Task objective: Your answer must be an exact copy of all the entries.

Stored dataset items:

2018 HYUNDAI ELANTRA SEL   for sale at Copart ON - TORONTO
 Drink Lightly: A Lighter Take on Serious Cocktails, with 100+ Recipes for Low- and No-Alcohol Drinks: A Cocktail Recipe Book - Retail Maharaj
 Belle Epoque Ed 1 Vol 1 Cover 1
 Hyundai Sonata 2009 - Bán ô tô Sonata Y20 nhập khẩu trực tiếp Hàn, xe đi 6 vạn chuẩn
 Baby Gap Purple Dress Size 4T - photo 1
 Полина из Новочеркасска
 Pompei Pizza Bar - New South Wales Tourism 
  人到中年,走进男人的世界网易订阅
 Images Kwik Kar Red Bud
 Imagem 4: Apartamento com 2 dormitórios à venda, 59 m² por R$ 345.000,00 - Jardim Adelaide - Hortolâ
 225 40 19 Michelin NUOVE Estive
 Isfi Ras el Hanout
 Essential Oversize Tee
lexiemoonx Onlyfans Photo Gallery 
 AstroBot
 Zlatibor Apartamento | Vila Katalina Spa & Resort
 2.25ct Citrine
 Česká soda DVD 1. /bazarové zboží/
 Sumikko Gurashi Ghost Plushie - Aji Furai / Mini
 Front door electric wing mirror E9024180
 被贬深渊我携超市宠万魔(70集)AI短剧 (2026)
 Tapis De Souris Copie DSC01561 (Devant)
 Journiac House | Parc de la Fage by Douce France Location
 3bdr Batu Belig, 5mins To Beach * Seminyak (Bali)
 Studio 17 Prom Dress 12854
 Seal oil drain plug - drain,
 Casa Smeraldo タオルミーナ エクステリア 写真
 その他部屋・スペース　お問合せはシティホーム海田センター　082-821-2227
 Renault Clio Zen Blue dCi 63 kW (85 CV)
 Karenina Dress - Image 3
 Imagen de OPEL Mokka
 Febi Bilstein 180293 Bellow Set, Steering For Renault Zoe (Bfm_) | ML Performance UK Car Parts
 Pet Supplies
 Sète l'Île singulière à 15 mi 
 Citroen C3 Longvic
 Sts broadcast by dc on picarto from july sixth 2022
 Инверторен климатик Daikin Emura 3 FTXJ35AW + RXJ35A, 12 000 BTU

Problem solution:
2018 HYUNDAI ELANTRA SEL   for sale at Copart ON - TORONTO
 Drink Lightly: A Lighter Take on Serious Cocktails, with 100+ Recipes for Low- and No-Alcohol Drinks: A Cocktail Recipe Book - Retail Maharaj
 Belle Epoque Ed 1 Vol 1 Cover 1
 Hyundai Sonata 2009 - Bán ô tô Sonata Y20 nhập khẩu trực tiếp Hàn, xe đi 6 vạn chuẩn
 Baby Gap Purple Dress Size 4T - photo 1
 Полина из Новочеркасска
 Pompei Pizza Bar - New South Wales Tourism 
  人到中年,走进男人的世界网易订阅
 Images Kwik Kar Red Bud
 Imagem 4: Apartamento com 2 dormitórios à venda, 59 m² por R$ 345.000,00 - Jardim Adelaide - Hortolâ
 225 40 19 Michelin NUOVE Estive
 Isfi Ras el Hanout
 Essential Oversize Tee
lexiemoonx Onlyfans Photo Gallery 
 AstroBot
 Zlatibor Apartamento | Vila Katalina Spa & Resort
 2.25ct Citrine
 Česká soda DVD 1. /bazarové zboží/
 Sumikko Gurashi Ghost Plushie - Aji Furai / Mini
 Front door electric wing mirror E9024180
 被贬深渊我携超市宠万魔(70集)AI短剧 (2026)
 Tapis De Souris Copie DSC01561 (Devant)
 Journiac House | Parc de la Fage by Douce France Location
 3bdr Batu Belig, 5mins To Beach * Seminyak (Bali)
 Studio 17 Prom Dress 12854
 Seal oil drain plug - drain,
 Casa Smeraldo タオルミーナ エクステリア 写真
 その他部屋・スペース　お問合せはシティホーム海田センター　082-821-2227
 Renault Clio Zen Blue dCi 63 kW (85 CV)
 Karenina Dress - Image 3
 Imagen de OPEL Mokka
 Febi Bilstein 180293 Bellow Set, Steering For Renault Zoe (Bfm_) | ML Performance UK Car Parts
 Pet Supplies
 Sète l'Île singulière à 15 mi 
 Citroen C3 Longvic
 Sts broadcast by dc on picarto from july sixth 2022
 Инверторен климатик Daikin Emura 3 FTXJ35AW + RXJ35A, 12 000 BTU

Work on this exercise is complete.